Gaza airstrike hit as displaced gathered for soccer match, witnesses say
World
Gaza airstrike hit as displaced gathered for soccer match, witnesses say
CAIRO/GAZA (Reuters) - An Israeli missile slammed into a tent encampment in southern Gaza on Tuesday just as displaced people had gathered there to watch a football match at a school, eyewitnesses said on Wednesday.
At least 29 people, mostly women and children, were killed in the strike, according to Palestinian officials, which took place as spectators crowded the school grounds in Abassan east of Khan Younis and hawkers sold smoothies and biscuits.
"They were watching a football match. There were injuries and martyrs. I witnessed this...people thrown around and body parts scattered, blood," a young woman, Ghazzal Nasser, told Reuters in Abassan.
"Everything was normal. People were playing, others were buying and selling (food and drinks). There was no sound of planes or anything," she said.
The Israeli military said it was reviewing reports that civilians were harmed.
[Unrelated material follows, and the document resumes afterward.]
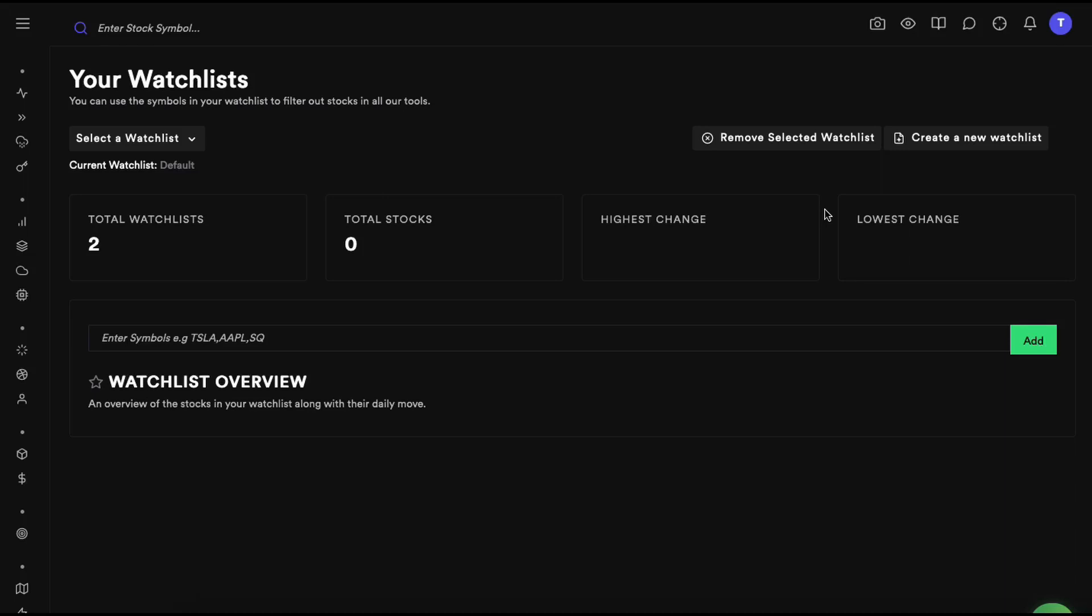Hey everyone, today we're going to talk about how to create watchlists. We have many tools, we post many trade ideas, we do a bunch of stuff. We want to be a one-stop shop, but not everyone wants to look at every single stock in the market and every single trade idea. So what we have for those people is watchlists and filters, and we'll talk about both of them today.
It said the incident occurred when it struck with a "precise munition" a Hamas fighter who took part in the Oct. 7 raid on Israel that triggered the war.
The military did not immediately respond to a request for comment on whether it knew that a football match was going on when the strike was ordered.
At the nearby Nasser Hospital, dozens of Palestinians bid farewell to loved ones before funerals and burials.
"The schools were overcrowded with people and the street was full too, suddenly a missile hit and destroyed the whole place," said Asmaa Qudeih, who lost some relatives in the attack.
"Bodies flew in the wind, body parts flew, I don't know how to describe it," she said.
Israeli forces continued to press their offensive in north and central Gaza on Wednesday, and deepened their incursion into two Gaza City districts, carrying out house-to-house searches.
The militant group Hamas said the renewed Israeli campaign threatened to derail efforts to secure a ceasefire in the nine-month-old war, with talks to resume in Doha on Wednesday.
In Jerusalem, Israeli Prime Minister Benjamin Netanyahu told US Middle East envoy Brett McGurk he was committed to securing a Gaza ceasefire deal provided Israel's red lines were respected, his office said.
Hamas has accepted a key part of a US plan aimed at ending the nine-month-old war, dropping a demand that Israel first commit to a permanent ceasefire before signing the agreement.
Netanyahu has insisted the deal must not prevent Israel from resuming fighting until its war objectives are met. At the outset of the war, he pledged to annihilate Hamas.
EVACUATION
Leaflets were dropped on Gaza City on Wednesday, this time with a map marking "safe routes" for the evacuation of the whole city, not just certain districts. The Israeli leaflets urge civilians to head south to the central Gaza Strip.
The city, home to more than a quarter of Gaza's population before the war, was destroyed by an Israeli assault in the first weeks of fighting last year, but hundreds of thousands of Gazans are believed to have returned to the ruins in recent months.
Israeli forces patrolled the main road to the coast, snipers commandeered rooftops of some high-rise buildings still standing, and tanks were stationed inside the headquarters of the UN Palestinian refugee agency UNRWA, residents said.
The Israeli military said in a statement its forces were continuing operations in Gaza City against militants of Hamas and its ally Islamic Jihad, who they said had operated from inside the UNRWA facilities, using them as a base for attacks.
The Palestinian Red Crescent said it had received dozens of desperate calls from residents in Gaza City trapped in their homes but teams were unable to reach them because of the intensity of the bombing.
"The information coming from Gaza City shows residents are living through tragic conditions. (Israeli) occupation forces continue to hit residential districts, and displace people from their homes and refuge shelters," it said in a statement.